前節、川崎Fとのアウェイ戦に臨んだ鳥栖はマンツーマンで守備を展開し、立ち上がりからJ1王者に真っ向勝負を挑んだ。前半をスコアレスで折り返し、互角の内容を演じていたが、57分に田代 雅也が決定的な得点機会阻止により一発退場。数的不利になった65分に失点してしまう。10人になっても果敢に前に出た鳥栖だったが王者の壁は分厚く、得点を奪うことができず。今季初の連敗となり、3試合連続無得点という結果に終わった。
鳥栖としては2試合連続で退場者を出しているだけに、守備での冷静な対応が求められる。アグレッシブなスタイルだけにカウンターを受ける機会も多いが、勢い任せになってしまわないように気をつけたい。
一方の横浜FCは前節、ホームで広島と対戦。その前の柏戦で引き分け、今季初の勝点を獲得した直後のホーム戦で初勝利につなげたかったが、広島の素早い切り替えの前に自陣でのミスが頻発。前半だけで3失点を喫すると挽回する力は残されておらず、零封負けを喫した。
開幕から8試合で1分7敗という成績を受けて、クラブは監督交代を決断。8日に下平 隆宏監督の解任を発表し、横浜FCユースの監督でクラブOBでもある早川 知伸新監督の就任を発表した。就任から2日という短い準備期間にはなるが、鳥栖戦が新体制での初陣となる。
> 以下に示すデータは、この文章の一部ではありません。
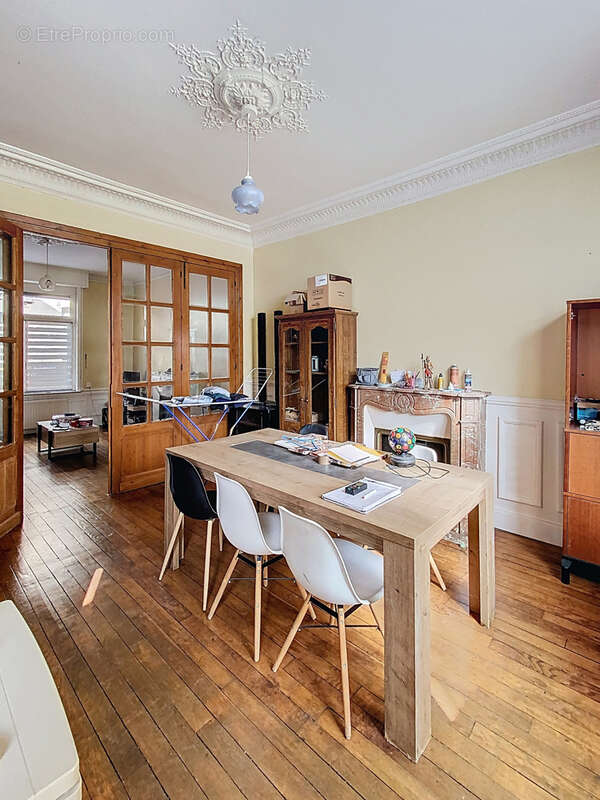 Maison à LE CATEAU-CAMBRESIS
鳥栖が警戒したいのは、横浜FCの選手たちの奮起だろう。鳥栖も2018年、2019年とシーズン途中での監督交代を経験しているが、その際には成功を収めている。二度とも現在も指揮を執る金 明輝監督がバトンを受け取る形だったが、2018年はシーズンの残り5試合で就任。直後から2連勝し、5試合を3勝2分の無敗で乗り切り、見事に残留へと導いた。翌年は監督就任後3連勝(代行だった明治安田J1第10節・大分戦は敗戦)を記録している。鳥栖としては最下位だからと甘く見るわけにはいかない。
そして、鳥栖に関わる人たちにとっては見たくないであろう名前も紹介しなければならない。この選手が鳥栖に乗り込んでくる際は毎回のように紹介させてもらっているが、それが渡邉 千真だ。対鳥栖は16試合で13得点。G大阪に所属していた昨季も駅スタでは2得点を奪い、J1通算100得点を達成するなど鳥栖戦においては無類の決定力を誇る鳥栖キラーが横浜FCにはいる。昨季の対戦時も試合前に家族に「2点取る」と宣言した上で記録を達成しており、鳥栖戦というだけで本人はイメージ良く試合に入れるようだ。鳥栖としてはこのベテランFWの活躍をこれ以上許すわけにはいかない。しっかりと抑えたいところだ。
開幕から6試合負けなしの好スタートを切った鳥栖だが、ここ2試合は連敗となっているだけに3試合ぶりのホームで歯止めをかけたい。一方の横浜FCは監督交代を契機に浮上を図りたい。勝つことでその目的を達成できるのはどちらになるだろうか。